Three of the top five conferences in college sports have announced an “historic” alliance that will bring 41 of the top institutions together on a collaborative approach surrounding the future evolution of college athletics and its scheduling.

This is said to prioritize their student athletes’ well-being, giving them academic and athletic opportunities they wouldn’t have without this alliance. This isn’t a team-up type deal. All universities will still compete but they’ll help student athletics receive opportunities and are committed to the challenges facing college athletics. Via the Pac 12 site, these are the main commitments with the alliance.

  • Student-athlete mental and physical health, safety, wellness and support
  • Strong academic experience and support
  • Diversity, equity and inclusion
  • Social justice
  • Gender equity
  • Future structure of the NCAA
  • Federal legislative efforts
  • Postseason championships and future formats

The scheduling will create new inter-conference games and “enhance” the student-athlete experience along with fan experience. There will be “attractive” match-ups with this type of scheduling.
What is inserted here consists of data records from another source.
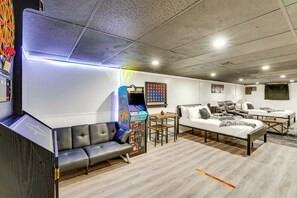 Game room - Swim, Bike & Fish: Pet-Friendly Lorain Retreat! (Lorain)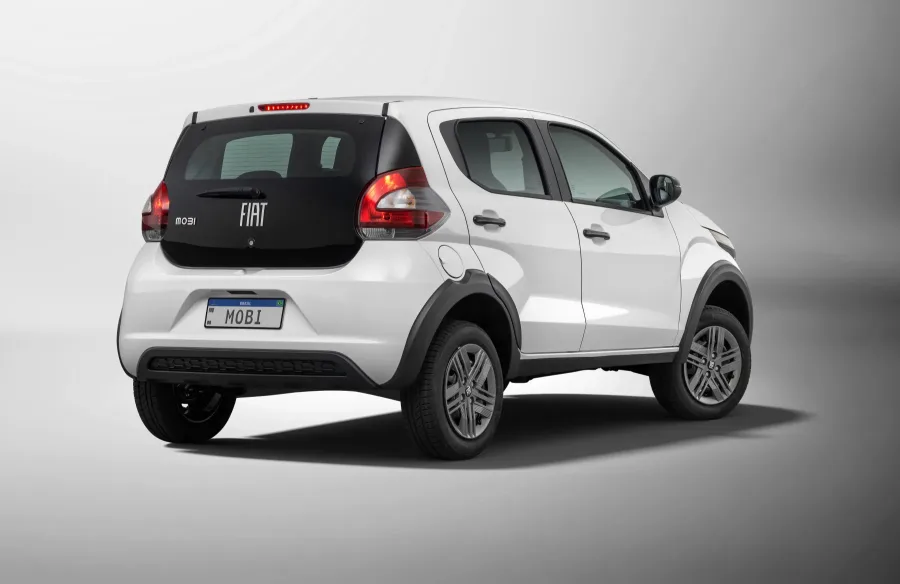 O Fiat Mobi passou a custar R$ 70.790 após desconto de R$ 12 mil e assumiu a posição de carro zero mais barato do Brasil. A estratégia da Fiat amplia a disputa entre modelos populares.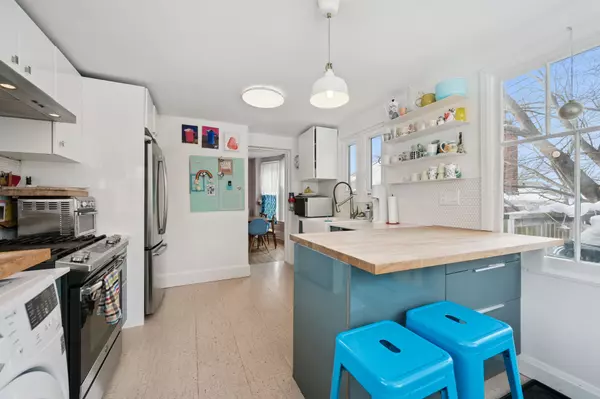 Guelph, ON N1H 3X6,467 Woolwich ST #Upper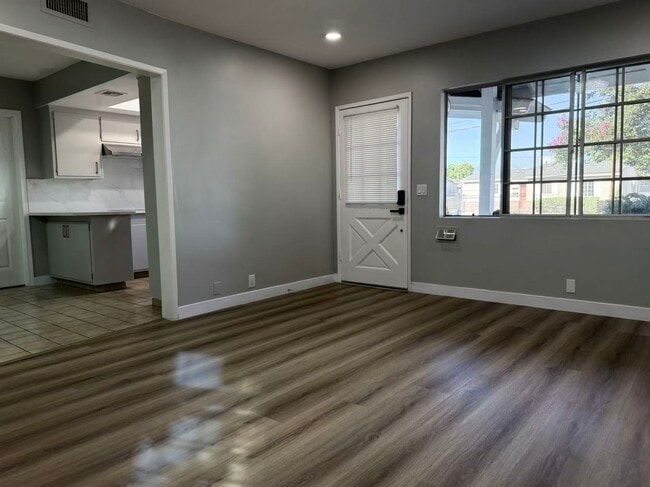 Foto del edificio - 5149 Arden Dr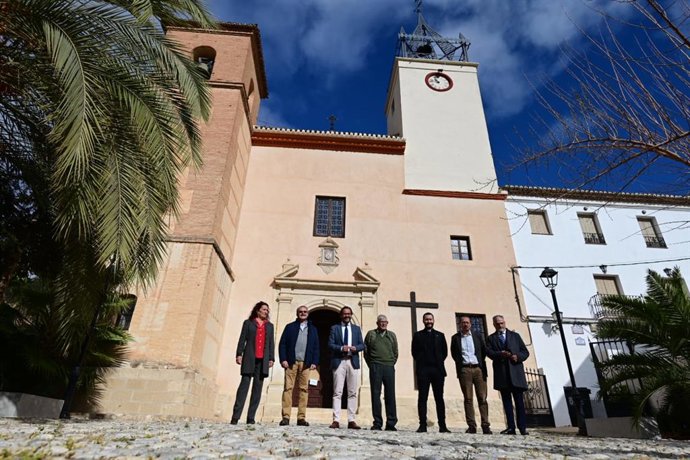 Visita de la Junta a la iglesia de Nuestro Salvador
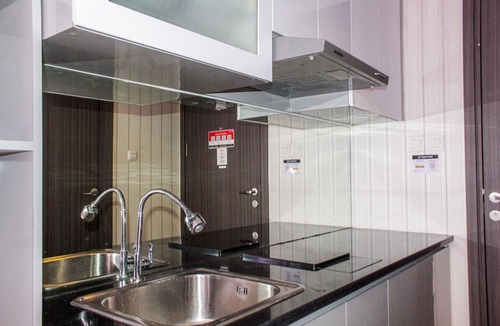 Pondok Aren Hotel | Minimalist and Cozy Studio Bintaro Icon Apartment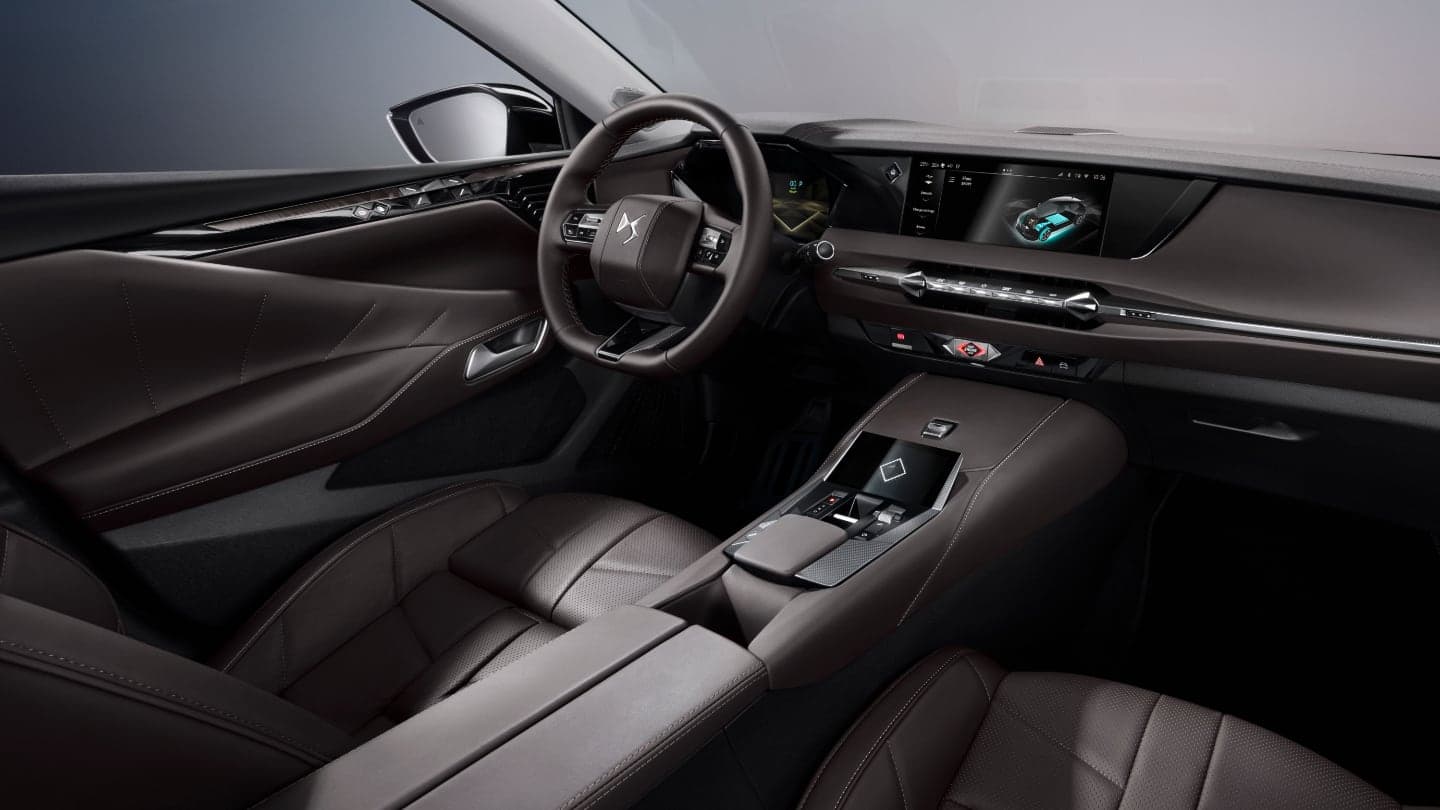 DS 4 E-Tense ve verzi plug-in hybrid
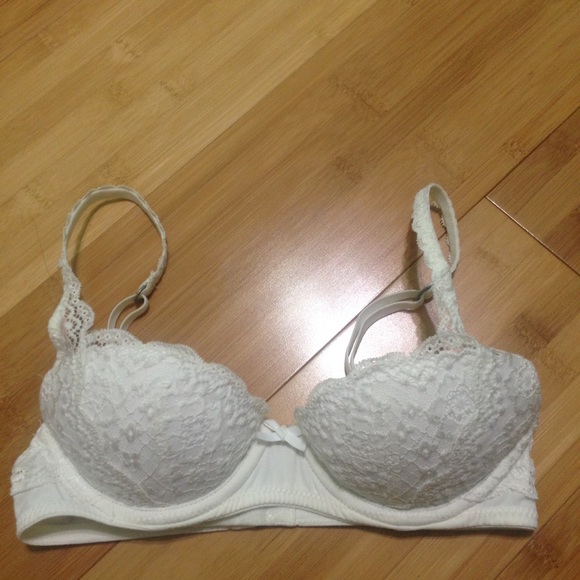 White lace push up bra
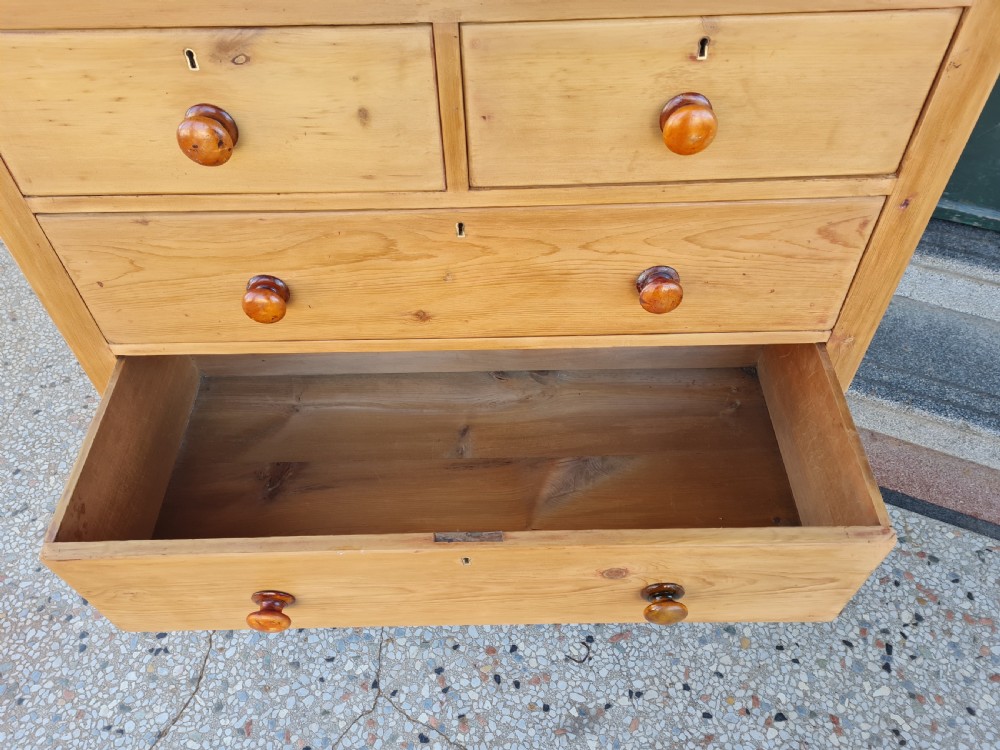 VICTORIAN  PINE CHEST OF DRAWERS  View VII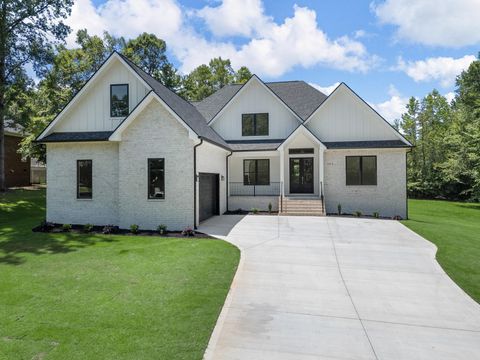 Single Family Residence in Boiling Springs SC 162 Clearcreek Drive.jpg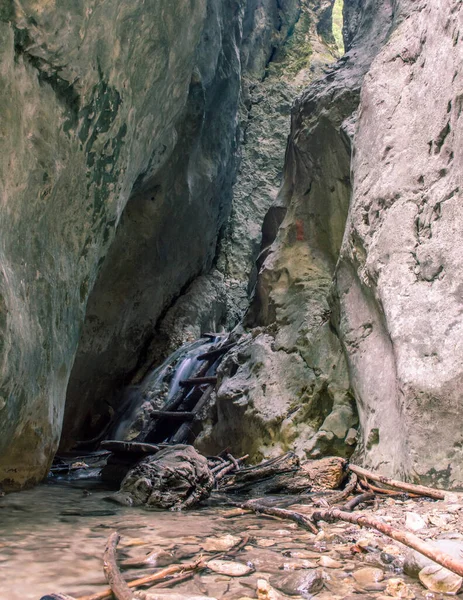 Dřevěné Schodiště Nad Vodopádem — Stock fotografie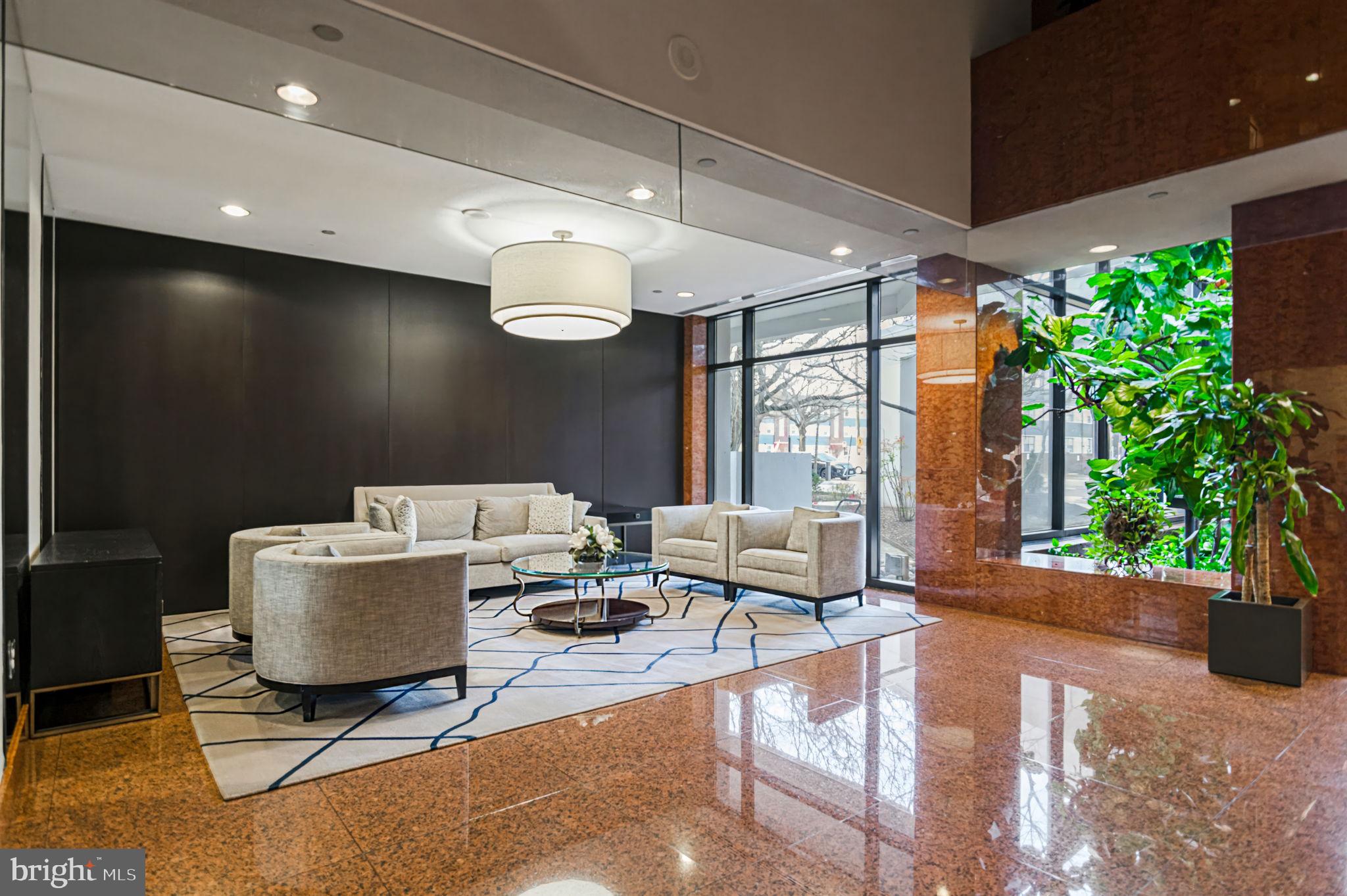 THE ATRIUM - Residential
Here’s what each commissioner said about the alliance. “The ACC, Big Ten and Pac-12 recognize the unique environment and challenges currently facing intercollegiate athletics, and we are proud and confident in this timely and necessary alliance that brings together like-minded institutions and conferences focused on the overall educational missions of our preeminent institutions,” said ACC Commissioner Jim Phillips.

“The alliance will ensure that the educational outcomes and experiences for student-athletes participating at the highest level of collegiate athletics will remain the driving factor in all decisions moving forward.” “Student-athletes have been and will remain the focal point of the Big Ten, ACC and PAC-12 Conferences” said Big Ten Commissioner Kevin Warren. “Today, through this alliance, we furthered our commitment to our student-athletes by prioritizing our academics and athletics value systems.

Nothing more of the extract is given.